Com boa música, diálogos persuasivos, respostas convincentes e atuações de bom grado, a criatividade com que Coogler coordena esta produção é magnífica. Pecadores sabe nos conquistar quando o mal consegue se transfigurar em sorrisos cativantes e melodias com danças muito bem coreografadas. O’Connell é um excelente vilão. Em sua atuação, o mal sorri, canta, dança, toca violão e se aproxima com gestos amigáveis. O que incomoda muito durante o filme é a ausência de cor, mas as luzes são muito bem postas. A saturação das cenas, mesmo nos grandes campos de algodão com seus trabalhadores é angustiante. Algo que poderia contribuído um pouco mais na qualidade da fotografia de Autumn Durald Arkapaw. 

O mundo vira as costas para nós. Ele rejeita toda manifestação de comunhão, todo caminho de fraternidade, reforça o individualismo, abraça o pessimismo e é apaixonado pelo capitalismo. A conversão ao mal e o desejo pelo pecado é o caminho que cada homem e mulher devem assumir, uma vez que a faceta monstruosa já circula nas veias e na essência da falta de humanidade que nos habita. Talvez, a ausência de cor, até mesmo o fraco tom vermelho do sangue possa reproduzir e reforçar esta mentalidade doentia do que a ausência de amor e de humanidade provoque em cada um de nós. O que Jordan tenta transmitir a nós é que a tentativa por salvação pode se tornar uma força exaustiva e sem respostas positiva, uma vez que não é este o nosso desejo mais profundo. 

Elias Moore vê seu irmão se entregando à desumanidade de uma maneira muito cruel. Como bons empreendedores, bons de conversa e convincentes quando precisam, Elijah se vê perdido e totalmente desolado quando percebe que ele e o irmão estão de lados opostos nesta luta pela humanidade – ou pela falta dela. O filme também não consegue lidar com seus personagens coadjuvantes. Steinfeld acaba se tornando apenas uma escada para o vilão, uma personagem desnecessária, apesar de ter tido uma entrada poderosa e promissora. Li é uma mulher forte, mas ganha sua força apenas no último ato e Lindo faz jus ao seu personagem, se este for encarado como um fracassado que não sabe que lugar deveria ocupar neste mundo. 
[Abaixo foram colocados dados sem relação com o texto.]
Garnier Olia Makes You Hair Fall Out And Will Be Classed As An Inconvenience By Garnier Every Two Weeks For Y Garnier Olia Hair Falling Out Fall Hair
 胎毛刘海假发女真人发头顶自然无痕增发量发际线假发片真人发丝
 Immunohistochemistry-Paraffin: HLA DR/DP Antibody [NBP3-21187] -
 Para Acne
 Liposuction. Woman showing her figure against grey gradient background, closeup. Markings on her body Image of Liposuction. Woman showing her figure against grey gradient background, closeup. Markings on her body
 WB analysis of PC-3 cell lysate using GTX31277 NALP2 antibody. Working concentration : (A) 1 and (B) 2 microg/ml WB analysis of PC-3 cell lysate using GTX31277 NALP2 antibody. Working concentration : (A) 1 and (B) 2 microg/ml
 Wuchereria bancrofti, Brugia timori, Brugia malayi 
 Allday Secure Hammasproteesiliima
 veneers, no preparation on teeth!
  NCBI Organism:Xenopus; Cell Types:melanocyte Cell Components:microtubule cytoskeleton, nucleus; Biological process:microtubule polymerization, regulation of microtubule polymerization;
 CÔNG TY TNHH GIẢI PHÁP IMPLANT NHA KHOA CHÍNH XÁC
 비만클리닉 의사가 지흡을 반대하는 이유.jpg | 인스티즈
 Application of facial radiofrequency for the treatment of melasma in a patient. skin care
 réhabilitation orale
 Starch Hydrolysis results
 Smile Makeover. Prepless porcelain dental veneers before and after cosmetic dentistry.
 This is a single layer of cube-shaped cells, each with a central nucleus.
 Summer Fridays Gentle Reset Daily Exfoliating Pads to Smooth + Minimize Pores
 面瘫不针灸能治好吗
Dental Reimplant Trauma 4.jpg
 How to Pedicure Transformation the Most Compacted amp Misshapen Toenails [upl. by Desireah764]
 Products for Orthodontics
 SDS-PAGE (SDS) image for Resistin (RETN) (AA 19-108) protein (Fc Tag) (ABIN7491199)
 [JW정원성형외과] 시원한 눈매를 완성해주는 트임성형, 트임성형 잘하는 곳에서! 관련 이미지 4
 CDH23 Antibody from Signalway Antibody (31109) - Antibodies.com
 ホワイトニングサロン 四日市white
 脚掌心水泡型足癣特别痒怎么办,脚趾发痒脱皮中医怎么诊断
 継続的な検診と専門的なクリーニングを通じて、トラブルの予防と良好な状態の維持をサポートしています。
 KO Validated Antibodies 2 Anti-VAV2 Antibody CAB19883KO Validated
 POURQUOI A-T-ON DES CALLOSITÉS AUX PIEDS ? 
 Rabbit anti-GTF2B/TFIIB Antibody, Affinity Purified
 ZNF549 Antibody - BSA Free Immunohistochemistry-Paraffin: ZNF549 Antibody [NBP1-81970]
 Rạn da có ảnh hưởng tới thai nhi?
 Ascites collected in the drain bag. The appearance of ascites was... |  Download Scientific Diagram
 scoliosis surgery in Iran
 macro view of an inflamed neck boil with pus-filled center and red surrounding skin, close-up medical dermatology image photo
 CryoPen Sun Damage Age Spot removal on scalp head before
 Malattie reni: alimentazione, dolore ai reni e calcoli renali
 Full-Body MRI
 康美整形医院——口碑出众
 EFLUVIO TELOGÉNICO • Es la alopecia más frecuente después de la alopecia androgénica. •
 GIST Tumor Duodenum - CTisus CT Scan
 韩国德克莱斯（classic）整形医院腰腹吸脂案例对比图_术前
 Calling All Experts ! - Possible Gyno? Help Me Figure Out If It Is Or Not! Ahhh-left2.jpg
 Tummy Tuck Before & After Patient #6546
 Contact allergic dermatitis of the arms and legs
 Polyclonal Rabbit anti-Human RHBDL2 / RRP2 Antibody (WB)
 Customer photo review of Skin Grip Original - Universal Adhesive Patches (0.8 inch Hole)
Quando a boa música é um pesadelo 

Por fim, o roteiro que Coogler também assina se revela com toda a sua maldade. Cada um dos que lutam ao lado de Elijah se perdem quando são atingidos pelo gatilho que os faz se descontrolar e se perderem. Por outro lado, a turma de Remmick só deseja se divertir, conquistar seu lugar e controlar o mundo. Pelo menos o que os rodeia. O contexto histórico que o filme é ambientado também traz a luta racial que o país teve que enfrentar. Jordan também humaniza uma história de superação, humanidade e de igualdade social. Sammie [Catton] o jovem primo dos Moore acaba se tornando a grande chave e solução de todo o mal que a história teve que encarar. Fogo, alho, água benta, luz do sol e a morte do criador continuam sendo eficazes na luta contra os vampiros. Algumas coisas nunca mudam, ainda bem! 

O sacrifício de Slim [Lindo] perde sua força, mas não por culpa do roteiro, é graças à força extraordinária do vilão. A briga dos gêmeos é o perfeito traço da luta entre o bem e o mal que a humanidade enfrenta; que os sistemas sociais enfrentam; que cada instituição precisa encarar. Nem sempre o maior e o mais forte vence. Nem sempre o bem vence. Nem sempre o de coração sincero e de amor verdadeiro vence. Vence quem sabe pelo o que luta e, as vezes, nós perdemos não porque somos fracos, mas porque nos esquecemos o porquê lutamos. Por quem lutamos e para que lutamos. A cena inicial, como um flash back de como tudo terminaria também acaba não sendo necessária, mas a narrativa cumpriu com o seu papel.